Pour les juifs de Pologne, la plus grande inquiétude est sans aucun doute la mise en péril de trois décennies de "renaissance" d'une communauté estimée entre 10.000 et 15.000 membres – ils étaient 3,3 millions en 1939.
Un renouveau à la fois religieux et culturel initié dans l'intimité des cercles familiaux où l'on redécouvrait ses racines juives à la fin des années 1980. "Sous la domination soviétique, les familles qui avaient changé d'identité pendant la guerre ou caché des enfants juifs sont restées silencieuses, l'antisémitisme étant encore très virulent.
Ce n'est qu'après la transition démocratique qu'elles se sont senties, peu à peu, libres de partager leur histoire", se remémore ­Aleksandra Leliwa-­Kopystynska, qui n'a appris ses origines juives qu'en 1990. Et de s'interroger, médusée : "Imaginez donc que cette loi ait vu le jour en 1989 : les familles auraient-elles osé parler?
Le renouveau aurait-il pu avoir lieu sans transparence ni travail historique?
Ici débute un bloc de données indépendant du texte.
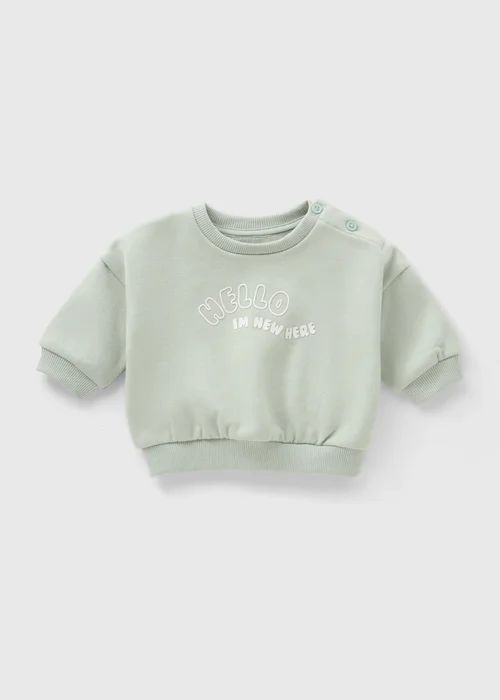 Baby Green Sweatshirt (Newborn-23mths) - 0-3 months Image 1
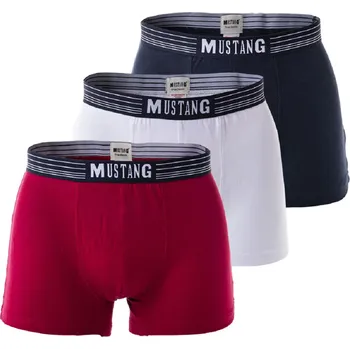 Boxerky Boxerky Mustang 4046 retro 3 pack XXL Modrá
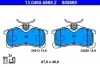 Комплект гальмівних колодок задн, TOYOTA AVENSIS, COROLLA 1.4-2.0D 09.97-02.03 ATE (13046058692) зображення 1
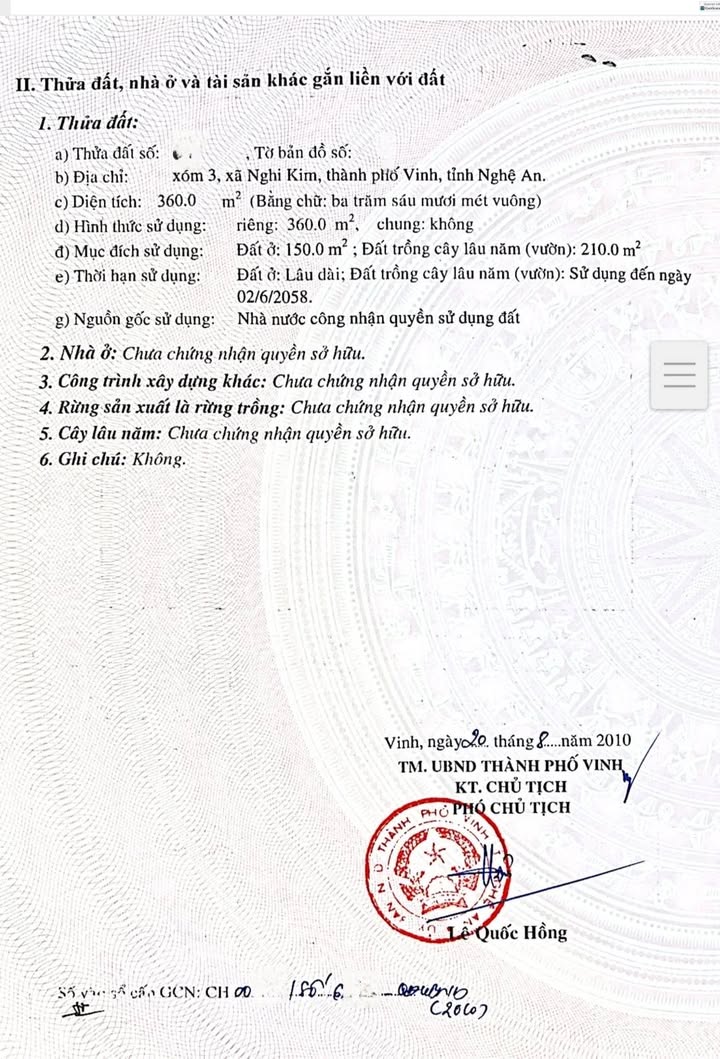 Đất mặt đường Xuân Liễu, Nghi Kim 360m² giá 7 tỷ - Cơ hội đầu tư tuyệt vời!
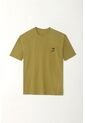 Camiseta En Jersey Flamé Verde Para Hombre de Tennis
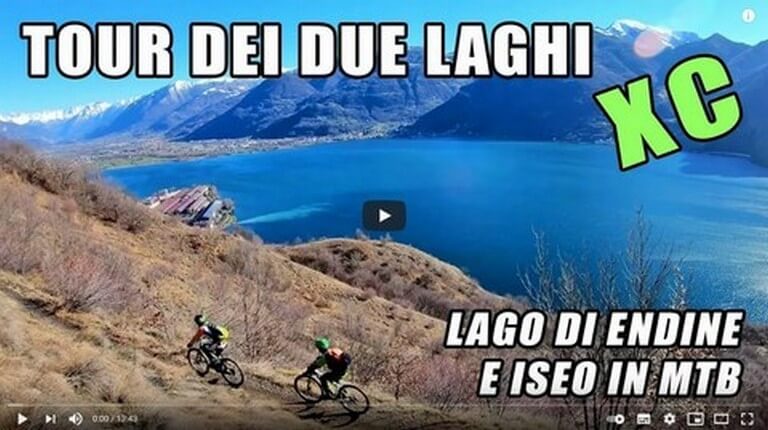 Tour due laghi XC in mountain bike - Lago di Endine e Iseo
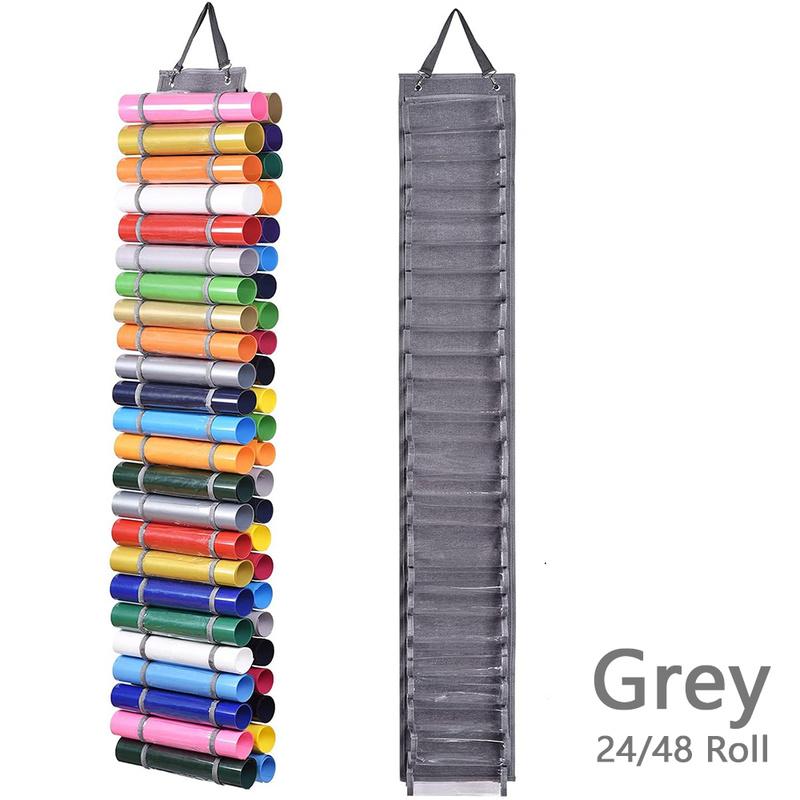Craft Storage Organizer Vinyl Roll Holder Vinyl Storage Rack Hanging Closet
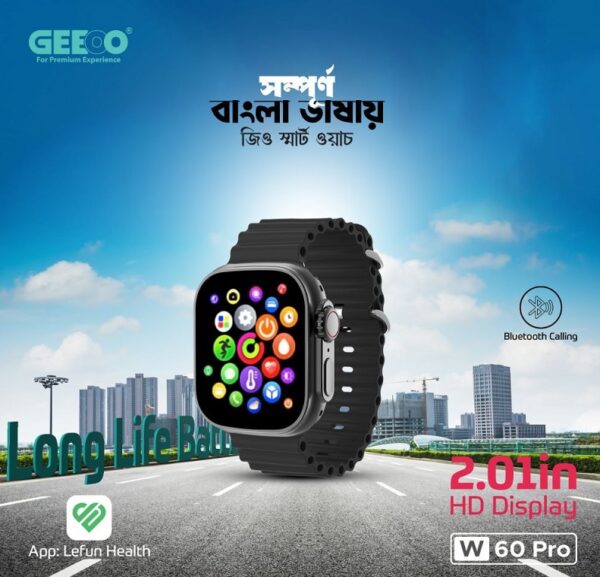 GEEOO W60 Pro Bluetooth Calling Smartwatch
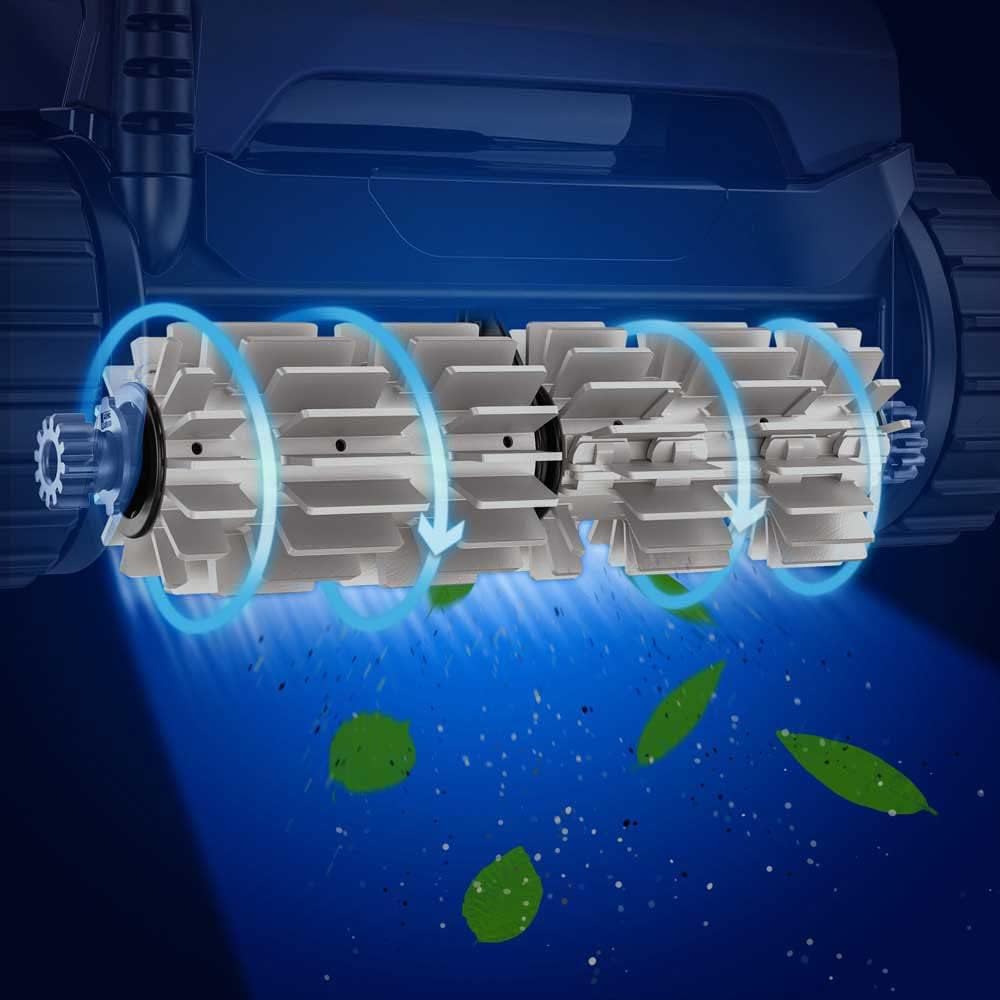 Robot Piscine électrique CNX 40 IQ Zodiac pour piscines 12x6 m - Nettoie Fond/parois/Ligne d’Eau - Commande à Distance + Lift System sur app - Câble de 18 m, Filtration à Double Niveau + Chariot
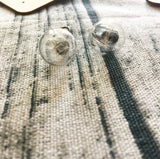 Dandelion earrings, wish earrings made with real dandelion seeds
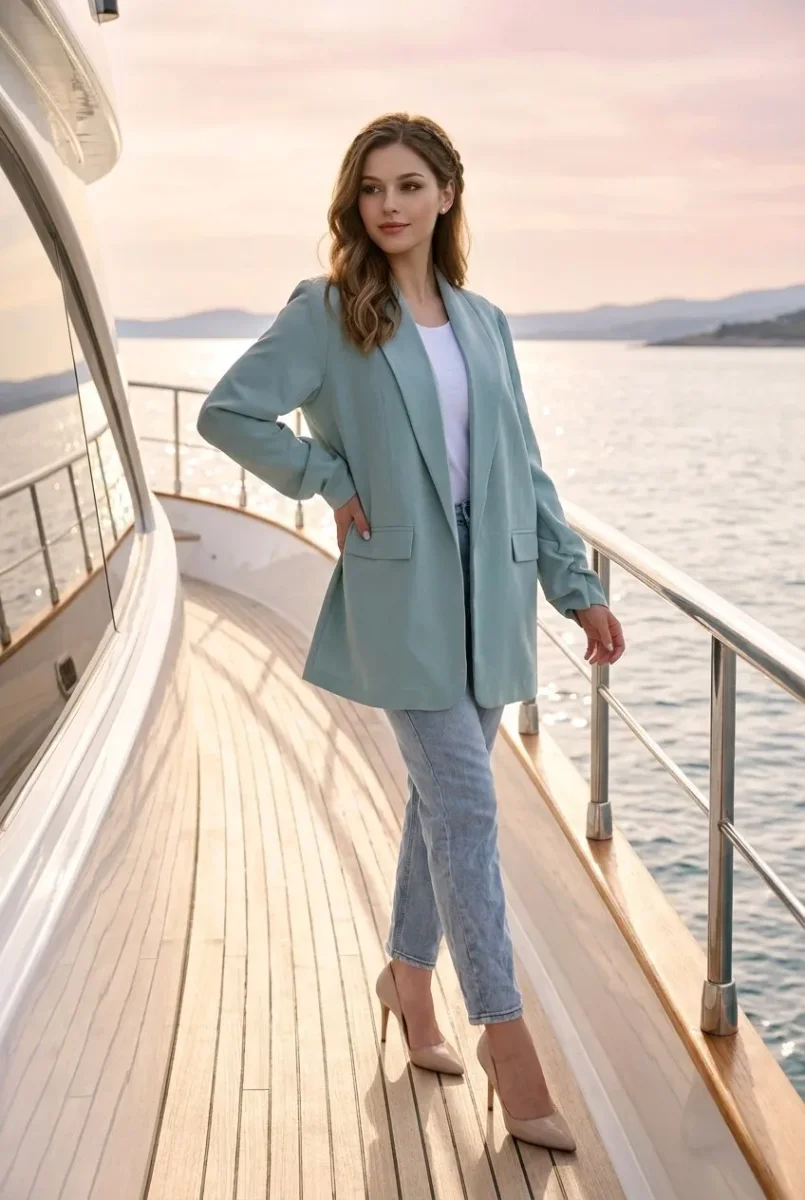 Blazer manga fruncida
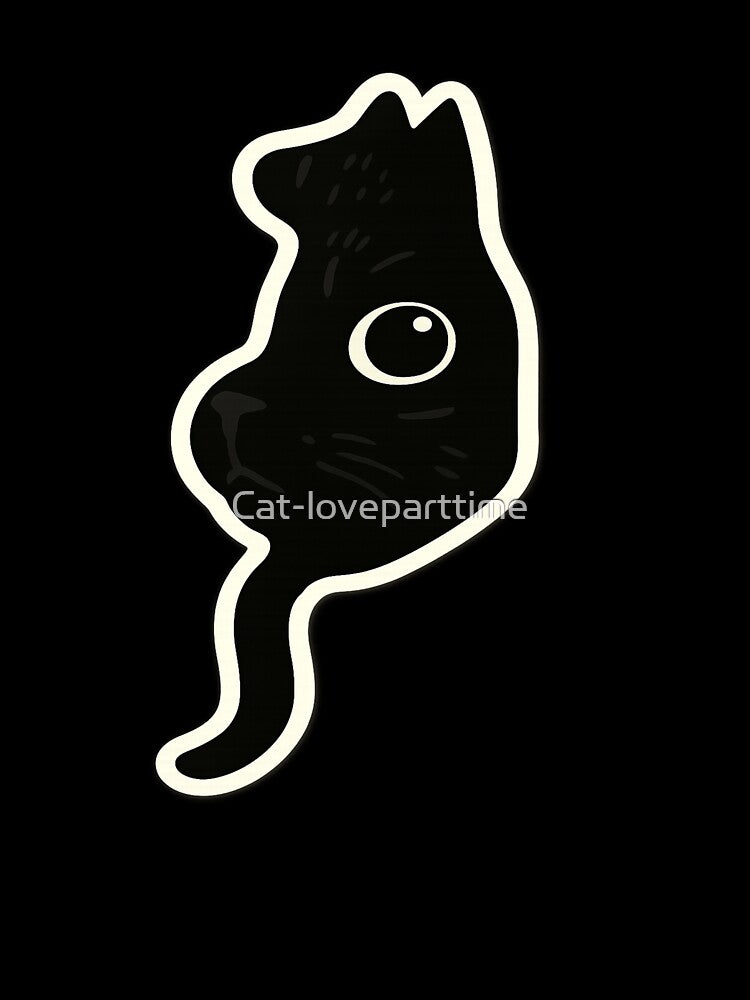 Black cat: Eye of the night hunter by Cat-loveparttime T-Shirts, Hoodie, Sweatshirt | BlankRebels.com (Image 3)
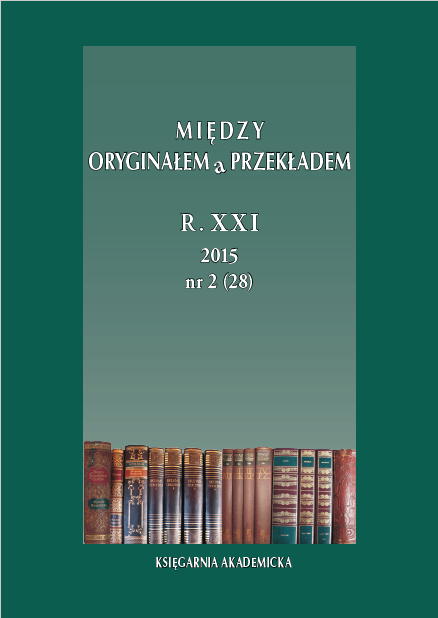 Ignacy Krasicki in Arabic. A critical analysis of K. Załuski’s translation Cover Image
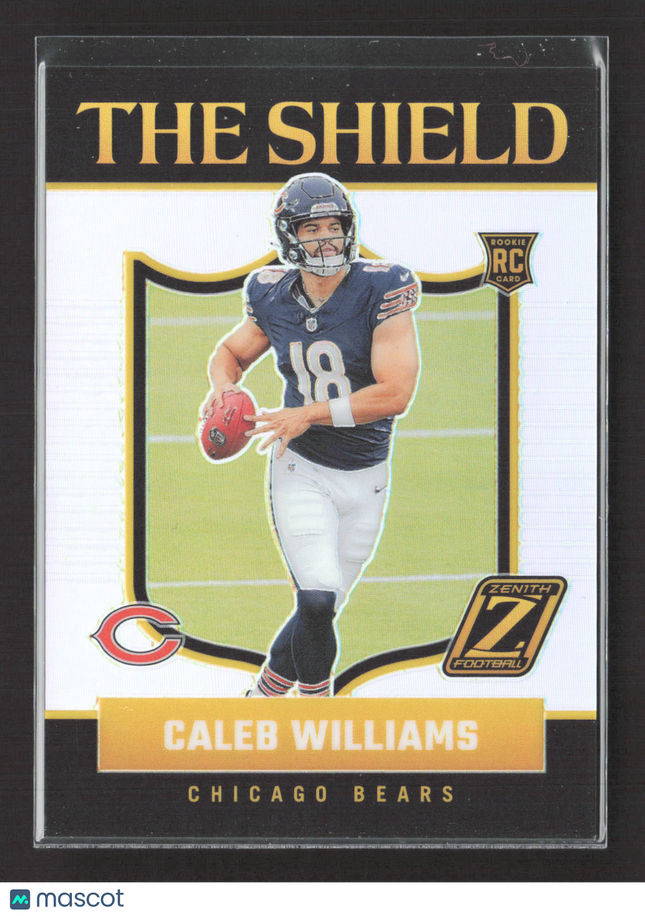 2024 Panini Zenith Football Prizm The Shield Caleb Williams #1 RC Holo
Mon père a été assassiné en 1942 par un maître chanteur qui menaçait de dénoncer ma mère : puis-je désormais raconter mon histoire sans être traînée au tribunal?"

Nombreuses réactions de solidarité issues de la société civile

Le rabbin Schudrich le reconnaît, il a été surpris par le nombre de personnes lui demandant s'il était temps de plier bagage. Il se réjouit, en revanche, qu'aucun départ n'ait eu lieu depuis. "Il y a eu une poussée de fièvre, mais je crois que la sérénité est de retour."
Une lueur d'espoir rallumée au printemps par les nombreuses réactions de solidarité issues de la société civile, des ONG, de l'Église catholique et même les condamnations sans appel de l'antisémitisme par le président ­Andrzej ­Duda en visite au Centre culturel juif de Cracovie.
"Cela a pris peut-être un peu de temps, mais ce front commun a montré que la majorité des Polonais ne tolérait pas de tels actes", soutient l'homme de foi.
Un sursaut qui, trente ans après une autre grande période d'antisémitisme dans le pays, a rasséréné la communauté juive.
En mars 1968, le régime communiste avait mené une campagne antisémite en réaction à la guerre des Six-Jours d'Israël. Treize mille juifs avaient alors rallié l'État hébreu. "La brutalité des réactions tout comme le fait que le gouvernement ait initié le déferlement sans pouvoir le contrôler sont similaires", juge Konstanty Gebert, lui-même viré du lycée en 1968 à cause de ses "origines sionistes".
"Mais la grande différence, ajoute-t-il, est qu'à l'époque nous étions seuls et avions peur, et qu'aujourd'hui nous nous sentons soutenus."
Du côté des institutions juives, l'heure est à l'apaisement. Rappelant que "la montée de l'antisémitisme n'est pas propre à la Pologne", Michael Schudrich renvoie dos à dos les extrémistes des deux camps.
"J'ai entendu des choses scandaleuses et irresponsables côté polonais concernant les juifs, mais aussi du côté des juifs radicaux, en Israël, concernant les Polonais. La discussion doit désormais prendre le pas sur les débats hystériques."
Son prochain combat : obtenir l'abrogation de cette loi mémorielle tant contestée auprès du Tribunal constitutionnel. "Car, outre sa portée électoraliste pour flatter l'extrême droite nationaliste, elle vise avant tout à intimider les professeurs d'école afin qu'ils n'évoquent pas, ou plus du tout, par prudence, les épisodes troubles de l'histoire polonaise", souligne l'éditorialiste varsovien Konstanty Gebert.
Pawel Machcewicz, ex-directeur du musée de la Seconde Guerre mondiale de Gdansk, craint, lui, qu'une épée de Damoclès ne soit dressée au-dessus des musées et lieux culturels.
"Déjà les milieux nationalistes s'en sont pris sur Twitter à l'exposition temporaire du musée Polin traitant de mars 1968 et ont lancé une pétition pour que les collections permanentes du musée d'Auschwitz-Birkenau s'attachent davantage aux victimes 'polonaises' du conflit ! s'alarme ce sympathisant de Plateforme civique, l'opposition centriste.
Après vingt-cinq ans d'un travail formidable pour faire face à son passé, ce dont la Pologne devrait s'enorgueillir, cette loi et les débats provoqués sont un désastre moral, historique et politique."